We further investigated the defluorination of C3a in 2% (v/v) sludge subcultures with and without a growth substrate. With C3a (50 μM) as the sole substrate, no defluorination or transformation of C3a was observed, whereas both propionate and glucose induced C3a defluorination (Figure S10), indicating cometabolism. Propionate led to a higher fluoride formation (41 vs 28 μM for glucose) (Figure S10), suggesting it is a better growth substrate to induce the propionate-utilizing enzymes, which seemed to cometabolize the structurally similar C3a. However, the defluorination degree was less than 30% after 18 days, which was much lower than that in the original activated sludge community (>80% after 3 days). It could be due to the reduced initial biomass, and the added growth substrate did not activate and maintain the cometabolic defluorination enzymes at a similar level as in the original activated sludge community. Cometabolic defluorination of FTOHs (n = 4, 6, 8) was also reported in Pseudomonas strains supplied with alkanes as the growth substrate.³²

Environmental Implications.

This study expands our fundamental knowledge of aerobic microbial defluorination of short-chain FCAs by activated sludge communities. The first implication of our findings is to the environmental fate of PFAS; the microbial aerobic defluorination, if any, is only to a limited degree for many PFAS structures. Only C–F bonds in specific structures are vulnerable to microbial cleavage, for example, β-C–F bonds with α-C–H bond(s) in carboxylic acids (or alcohols). To date, the reported aerobic defluorination of polyfluorinated structures was via either enzymatic HF elimination likely by acyl-CoA dehydrogenases⁴¹ or spontaneous defluorination of unstable fluorinated intermediates, which are typically formed from enzymatic reactions at other functional moieties than C–F bonds.^16,17,26,41 Unless novel biocatalysts capable of cleaving C–F bonds at other positions could be discovered, aerobic microbial transformation of PFAS by activated sludge would end up with the accumulation of more persistent products from partial defluorination of the weak C–F bonds. Extensive screening of PFAS structures and biocatalysts is needed. The understanding of microbially susceptible C–F bonds can help predict the environmental fate of PFAS structures, thus guiding environmental risk assessment and regulations.

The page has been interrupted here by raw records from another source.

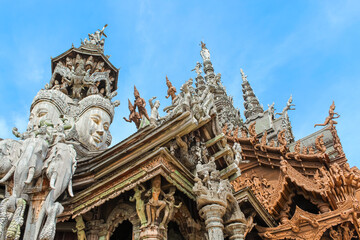 Fototapeta na wymiar Close up on the roof of Sanctuary of Truth, Pattaya, Thailand.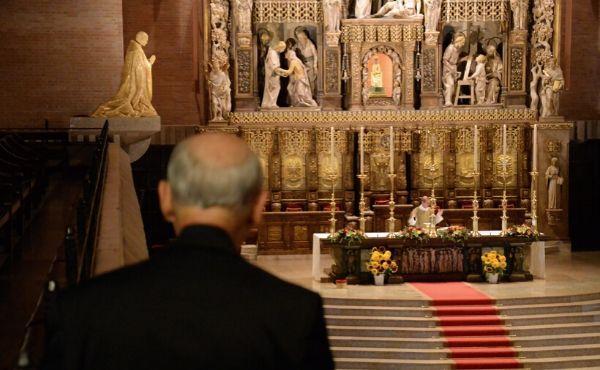 Meditazioni del prelato dell'Opus Dei nella Settimana Santa 2020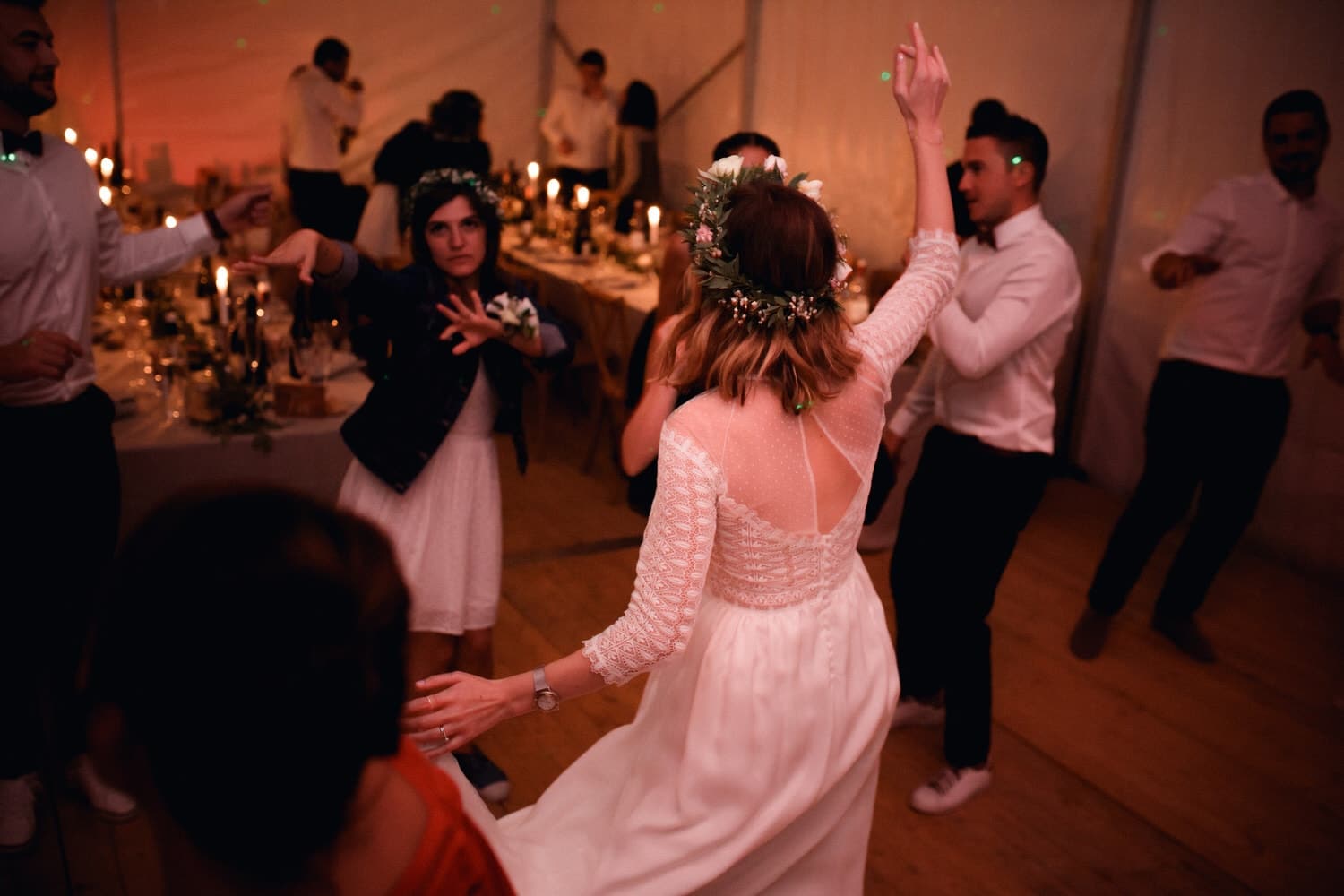 la mariée sur le dance floor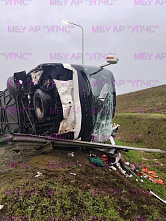 В Аксайском районе сегодня опрокинулся автобус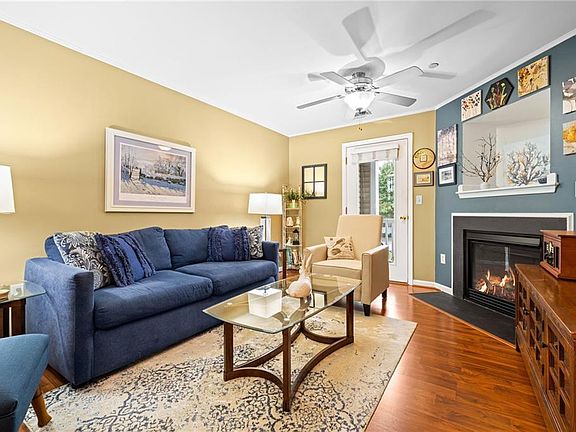 4th image of 404 Egret Lndg APT 203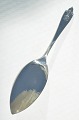 Georg Jensen 
tretårnet sølv. 
Akeleje 
sølvbestik. 
Akeleje 
kageske  # 193. 
Længde 26,6 cm. 
Pæn ...
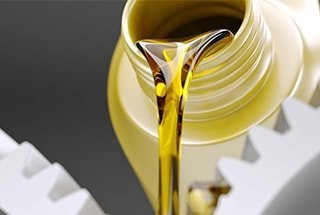 Óleo Hidráulico vs Óleo Lubrificante: As Diferenças Explicadas - Compraco Distribuidor e Fabricante de Aços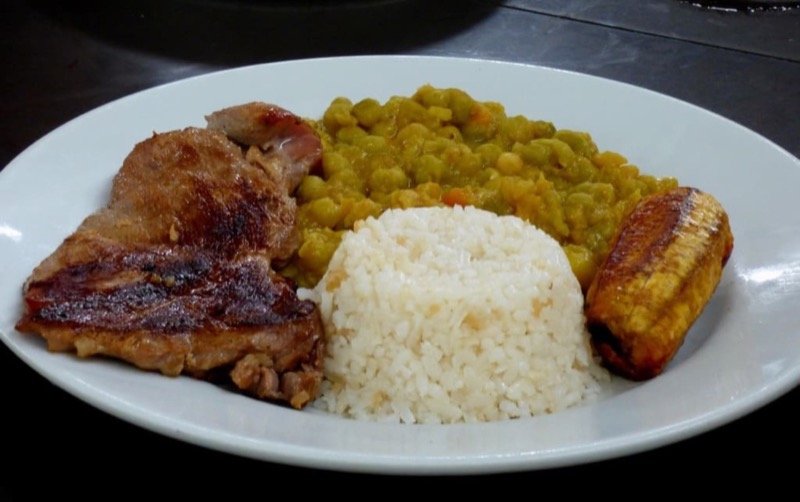 Pablos Restaurant — Almuerzo 2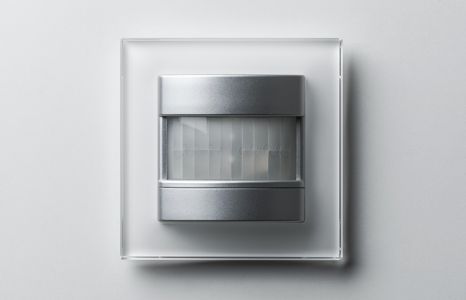 Produktbild haustechnik beleuchtung lampen bewegungsmelder teaser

The second implication is to the treatment strategies of PFAS; although it may not be a stand-alone approach, microbial treatment could be integrated with physiochemical treatment for cost-effective performance. Perfluorinated structures can be defluorinated via advanced reduction by UV-generated hydrated electrons.¹¹ However, the unintended H/F exchange pathway forms more recalcitrant polyfluorinated byproducts, rendering incomplete defluorination.¹¹ Thus, microbial defluorination may be an economical post-treatment step to enhance the overall defluorination. C3a has been reported as the major byproduct of PFPrA after the advanced reduction treatment by a UV reactor.¹² We employed activated sludge to treat the PFPrA treatment effluent. Over 80% of organofluorine byproducts in the effluent were removed, mostly due to C3a defluorination (Figure S11). It achieved an additional 10%–15% defluorination (80%–85% defluorination combined). This result provides initial proof for the cost-effective chemical–biological PFAS treatment train system. Various polyfluorinated byproducts may be formed from incomplete chemical destruction of PFAS, many of which were not structurally elucidated.^11,12,53,54 Further demonstrations of the integrated chemical–biological treatment is needed via systematic investigation of the structures and biodefluorination efficacy of chemical treatment byproducts.